======== RECORDS SUPPLIED ========

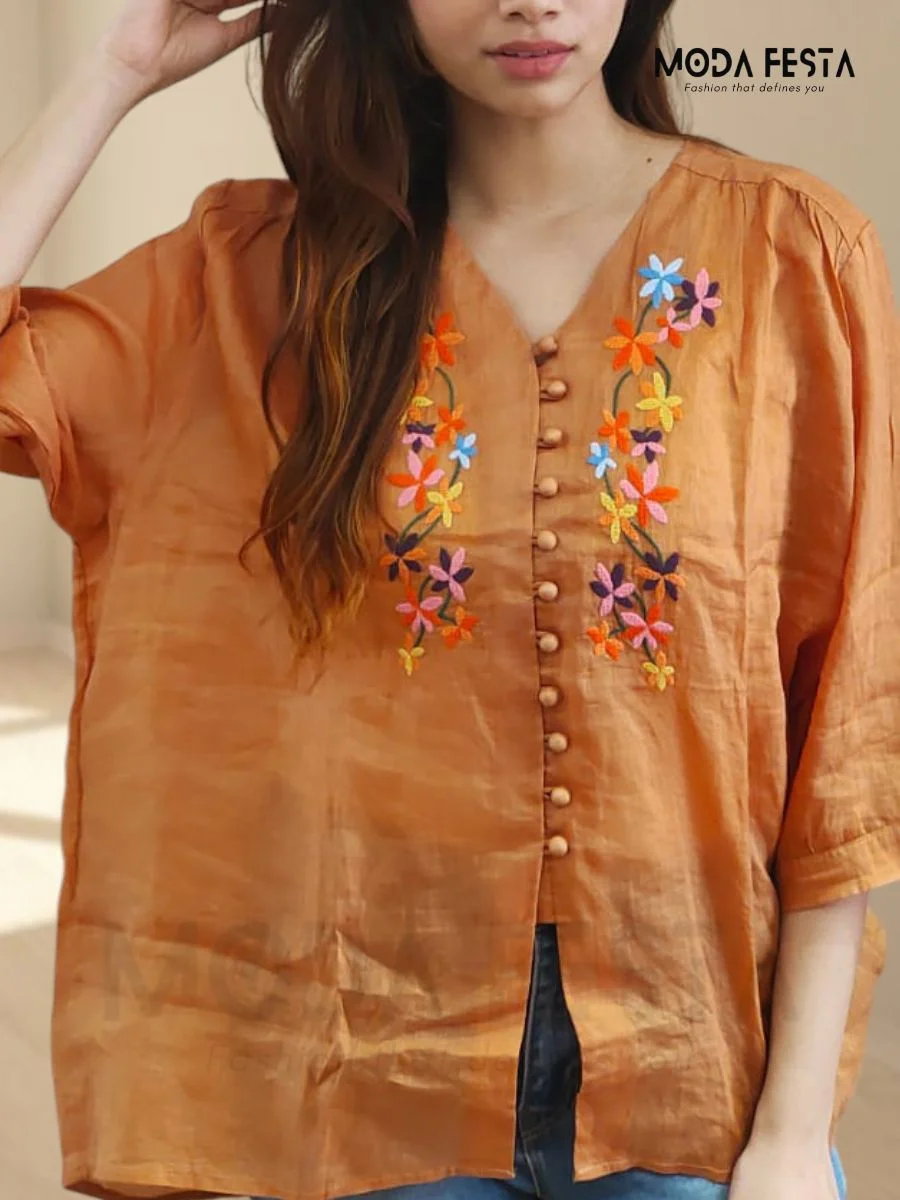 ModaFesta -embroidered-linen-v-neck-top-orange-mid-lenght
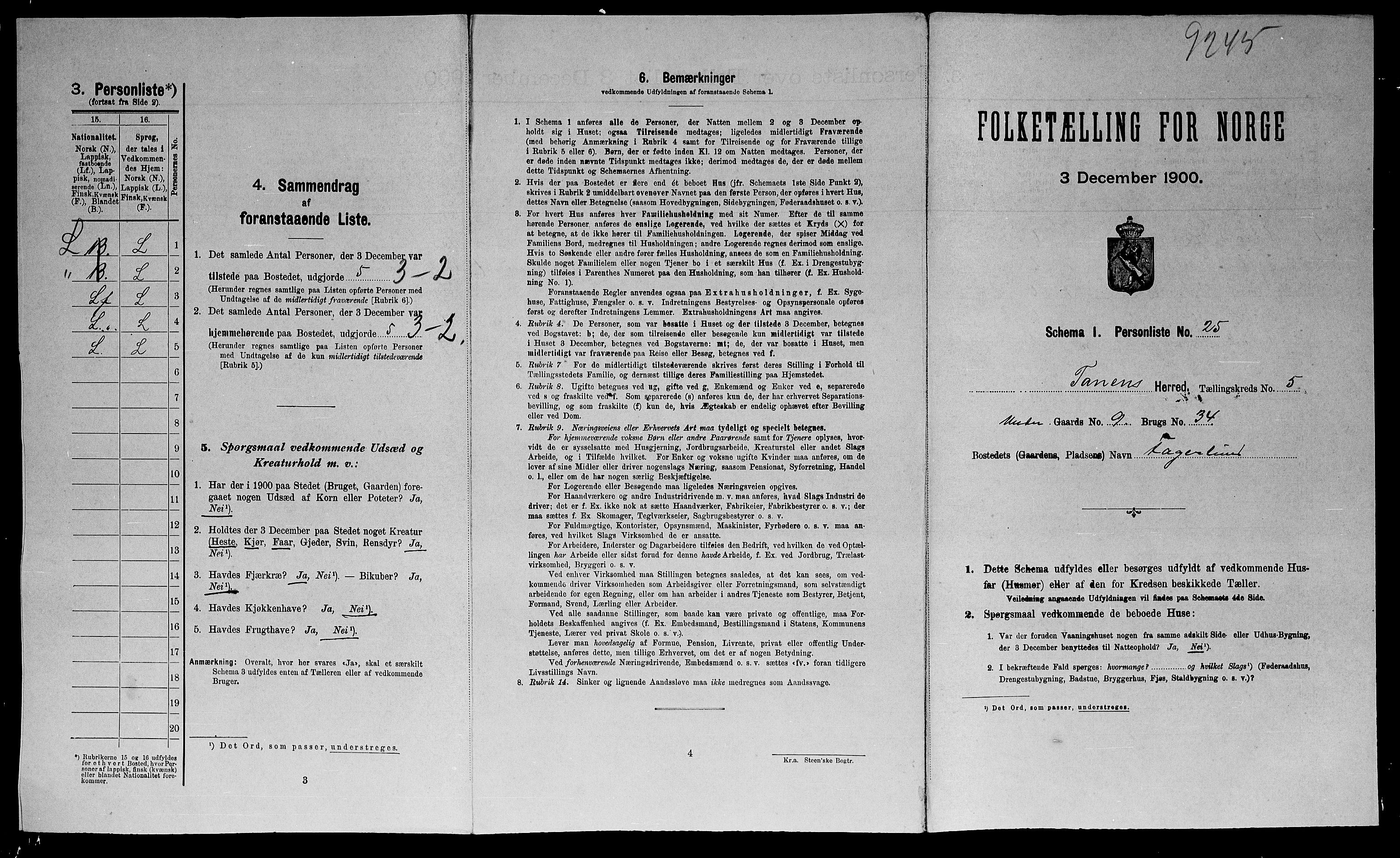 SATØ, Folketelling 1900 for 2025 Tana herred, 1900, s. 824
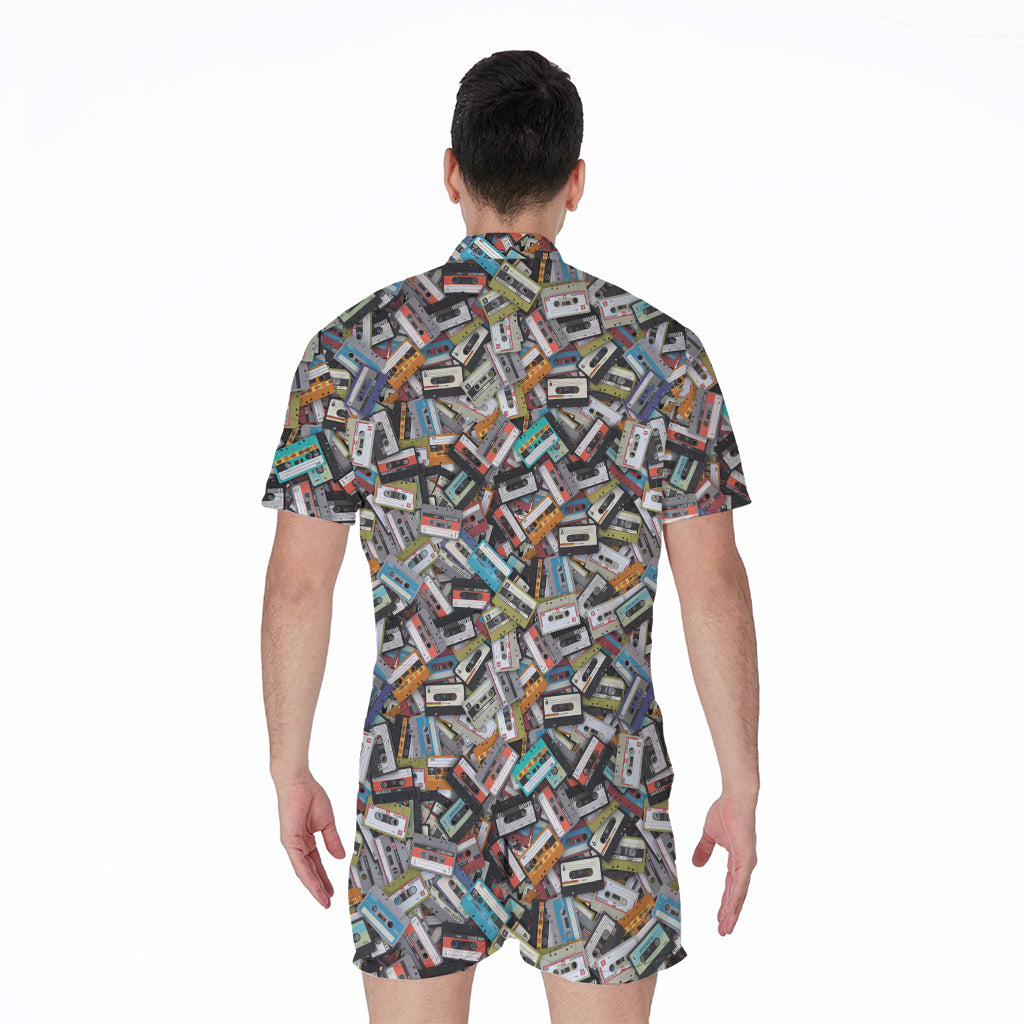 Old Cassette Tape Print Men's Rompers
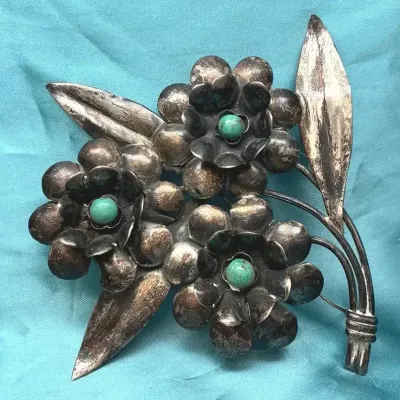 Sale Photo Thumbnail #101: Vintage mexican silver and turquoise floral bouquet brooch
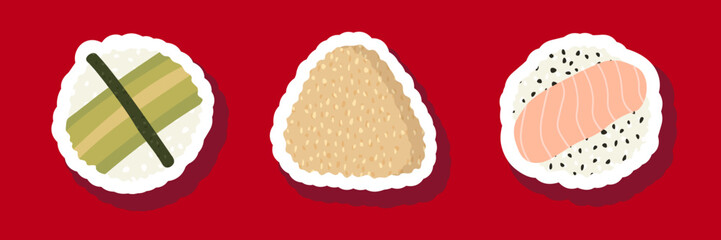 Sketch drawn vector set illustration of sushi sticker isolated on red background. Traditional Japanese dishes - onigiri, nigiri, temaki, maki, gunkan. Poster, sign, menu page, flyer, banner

========

__WHAT YOU ARE ASKED TO DO__. Word for word, give the entries back in full; the pictures do not belong in the copy.

__RESPONSE TO THE EXERCISE__.
 ModaFesta -embroidered-linen-v-neck-top-orange-mid-lenght
 SATØ, Folketelling 1900 for 2025 Tana herred, 1900, s. 824
 Old Cassette Tape Print Men's Rompers
 Sale Photo Thumbnail #101: Vintage mexican silver and turquoise floral bouquet brooch
 Sketch drawn vector set illustration of sushi sticker isolated on red background. Traditional Japanese dishes - onigiri, nigiri, temaki, maki, gunkan. Poster, sign, menu page, flyer, banner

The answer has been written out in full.